Each line of the data must reappear exactly in your answer, with no images included.

_Raw data_
..........

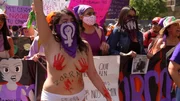 Eine junge Generation von Frauen demonstriert gegen Frauenmorde, die in Mexiko nicht nur sehr häufig vorkommen, sondern auch von der Justiz verschwiegen und selten geahndet werden.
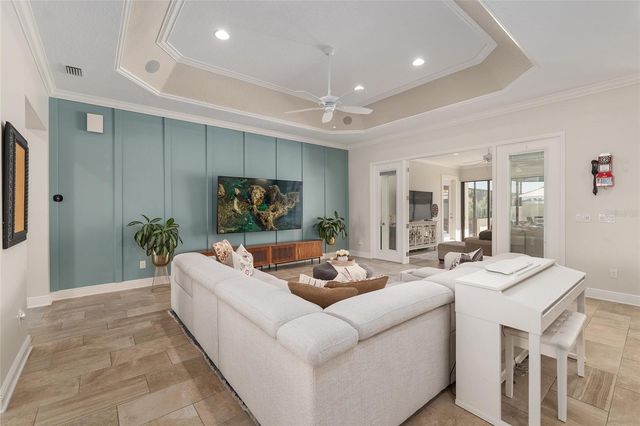 11207 ROZ WAY, Oxford, FL 34484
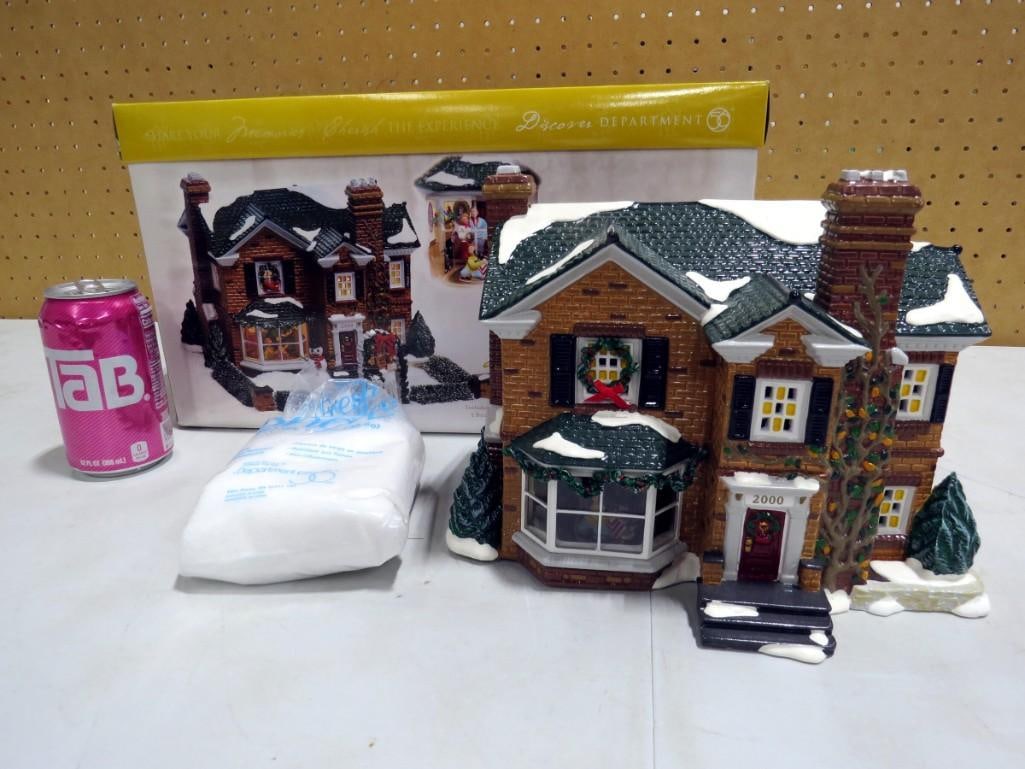 Dept 56 2000 Holly Lane Christmas Village Gift Set in Original Box: Department 56 2000 Holly Lane Christmas Village Gift Set in Original Box . Includes everything that you see in the pictures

..........

_Solution to the exercise_
 Eine junge Generation von Frauen demonstriert gegen Frauenmorde, die in Mexiko nicht nur sehr häufig vorkommen, sondern auch von der Justiz verschwiegen und selten geahndet werden.
 11207 ROZ WAY, Oxford, FL 34484
 Dept 56 2000 Holly Lane Christmas Village Gift Set in Original Box: Department 56 2000 Holly Lane Christmas Village Gift Set in Original Box . Includes everything that you see in the pictures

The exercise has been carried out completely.